At some point it its life this gown has been largely unpicked to become a flat piece of fabric, enabling the cut of the garment to be seen clearly. The central area of the silk was originally the back, with the front bodice pieces still attached, and the side and front skirts on each side. The centre front of the gown would have been worn open, revealing the stomacher, a triangular bodice insertion, and an underskirt, known as a petticoat. The detached sleeves have been remade at a later date.
This style of gown was known as a sack, characterised by its loose pleats falling from the back neckline.
The real interest of this garment, however, lies in its brocaded silk, designed by Anna-Maria Garthwaite, an eminent freelance designer of silk textiles from the late 1720s to 1756, renowned for the lively naturalism of her botanical work.

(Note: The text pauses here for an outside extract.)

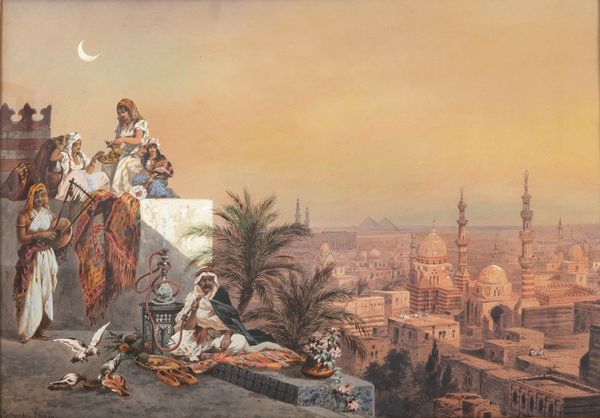 Friedrich Pelberg : Una sera sulla terrazza al Cairo  - Asta Dipinti e Sculture del XIX-XX secolo - Associazione Nazionale - Case d'Asta italiane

The original design, now in the Victoria and Albert Museum, London, is dated August 28, 1740, and was sold to Captain Lekeux, one of the most important Huguenot master weavers in London, specialising in the production of very high quality fabrics.
Two other examples of silk woven to this design survive, a panel in the Royal Ontario Museum Canada, and another in the Victoria and Albert Museum. It has been suggested by the authority on 18th Century silks, the late Natalie Rothstein, that these two panels, which have corresponding narrow frills just above the bottom edge, formed the original petticoat to this gown, as only a limited quantity of such time-consuming, highly-skilled work would have been produced.